Oh Don Draper, let me slap you across the face a few times.

The theme started showing up in my friends' Facebook status feeds a few weeks ago.  "Please, let us not over-anticipate Mad Men. Perfect way to wreck it. On the other hand, I CAN'T WAIT!" This post actually had half a dozen exclamation points, but I try to refrain from too much punctuation.   "Sally Draper: American Hero," wrote another friend a few minutes after the end of the season 5 premier on Sunday night. "Who is Don Draper?" said another, in an echo of the episode's opening line. Of course, it could have been a nod to the flattest of literary heroes, John Galt, but knowing that particular friend, I seriously doubt it.
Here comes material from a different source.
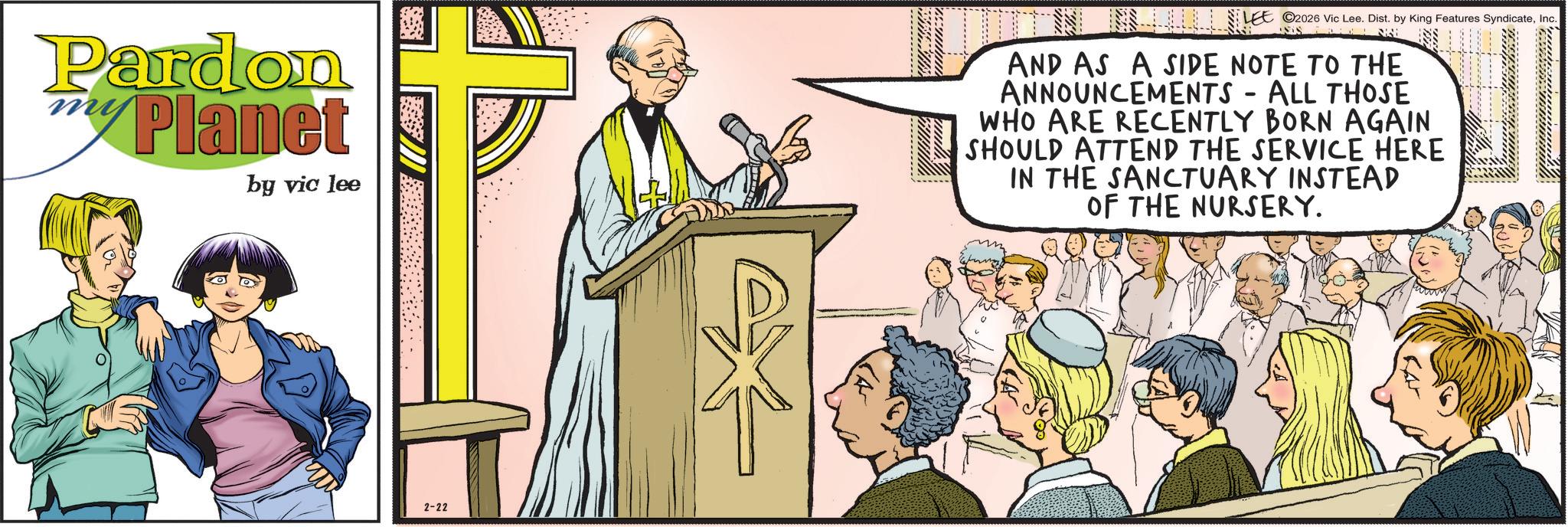 Animated cartoon OCR: Pardon Planet my by vic lee LEE ©2026 Vic Lee. Dist. by King Features SyndicateInc. AND AS A SIDE NOTE TO THE ANNOUNCEMENTS - ALL THOSE WHO ARE RECENTLY BORN AGAIN SHOULD ATTEND THE SERVICE HERE IN THE SANCTUARY INSTEAD OF THE NURSERY. 2-22 Pardon Planet my by vic lee LEE © 2026 Vic Lee . Dist . by King Features SyndicateInc. AND AS A SIDE NOTE TO THE ANNOUNCEMENTS - ALL THOSE WHO ARE RECENTLY BORN AGAIN SHOULD ATTEND THE SERVICE HERE IN THE SANCTUARY INSTEAD OF THE NURSERY . 2-22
The first responses to these posts were from the clueless; "who's that?" or "why?" Really, I thought, there are  people who don't watch Mad Men?' Now, I don't watch too much TV so I'm usually the one  asking (or ignoring) the thing everyone is talking about. My kids love Gossip Girl and that other show about promiscuous young people in New Jersey so I have a smidgen of knowledge about common denominator popular culture.  But, with a few exceptions over the years, (Deadwood, The Wire, Arrested Development, Stewart, Colbert, and most recently, Modern Family) I'd rather read a book or play scrabble on my phone than get involved in a television show.

So what is it about Mad Men that has me firmly in the "I have to be home on Sunday at ten" camp? Mad Men is not about my life, not on the surface anyway.  When I first moved to New York City I had a fleeting thought about working in advertising, and by fleeting I mean I passed the offices of Olgilvy and Mather and thought, Hmmm, Advertising. In the mid 1980s my husband opened a restaurant in midtown, a few blocks from the offices of BBDO, Ogilviy, and Doyle Dane Bernbach. Our bar, or maybe our waitresses, attracted a lot of ad men with unlimited expense accounts. They came in for lunch with clients or colleagues and returned for drinks after work. Though they earned heaps of money, they seemed, on the whole, angry and bitter.  And they drank. A lot. The more successful they were, the more they drank. As far as I could tell from my conversations with the more successful ad men (and they were all men), their bitterness stemmed from the fact that they wanted to write novels, not advertising copy. We would talk about books for hours.

Did I mention that all my mad about Mad Men friends are writers?  It's true. Real, published writers. At least one has a Pulitzer, a few are write for gold standard magazines.  I doubt any of them ever wanted to be in advertising.